In that context Plan 2 is the land registry illustrative plan at page 76 in the appellant's revised appeal bundle to which I have already referred.
"In my judgment the plan clearly shows that the stable was clearly excluded from the conveyance for Mr Turner. Anyone looking objectively at the plan would say that the rectangle represents the whole of the Barn including the stable. The area to the south of the rectangle represents additional ancillary buildings. This area is L-shaped as the plan to the 2nd Deed of Gift shows more clearly. The shape and proportions are completely wrong for the stable whose depth is the same as the garage next to it. This interpretation of the plan accords with common sense. The Barn was originally a single building, part of a farm which was known as No 3 Melton Road. It was Elizabeth to whom No 3 was conveyed in the 2nd Deed of Gift."
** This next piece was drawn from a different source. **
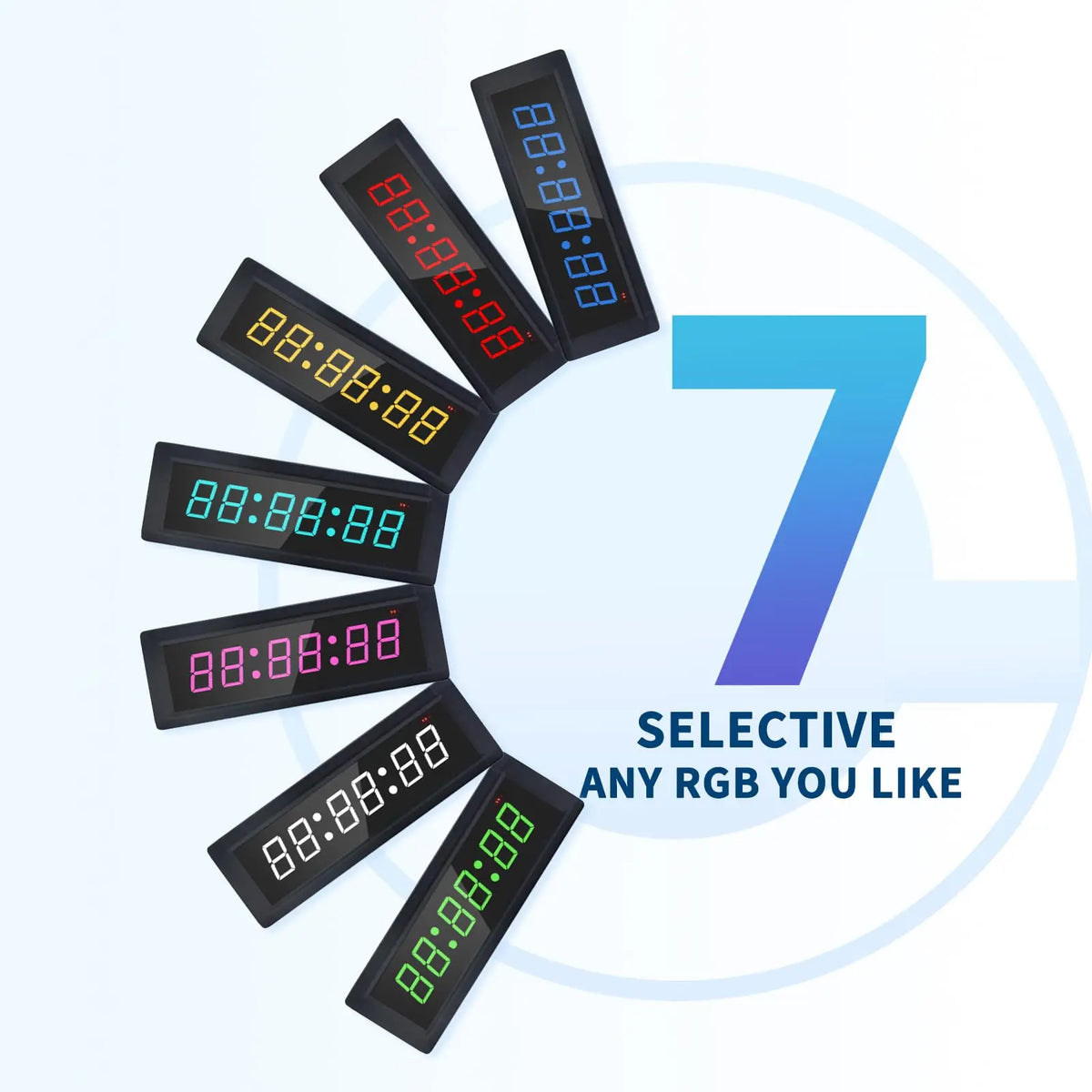 Chronomètre Minuteur Sport - Minuteur de Fitness LED 7 Couleurs, Multifonction 6 Chiffres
But the judge forgot, when he referred to the Barn in that paragraph, that the rectangle shown on the conveyancing plan represented not just the brick barn; it included the workshop. Once it is appreciated that the rectangle shown on the conveyancing plan includes the workshop - and that the southern wall of the workshop was (and lay at the time) to the north of the southern wall of the barn, the judge's reasoning cannot be supported.
ORDER: Appeal allowed with costs, subject to detailed assessment; order for costs below to be set aside; payment out of £20,000 paid into court by the appellants with no other order as to costs below; leave to appeal to House of Lords refused.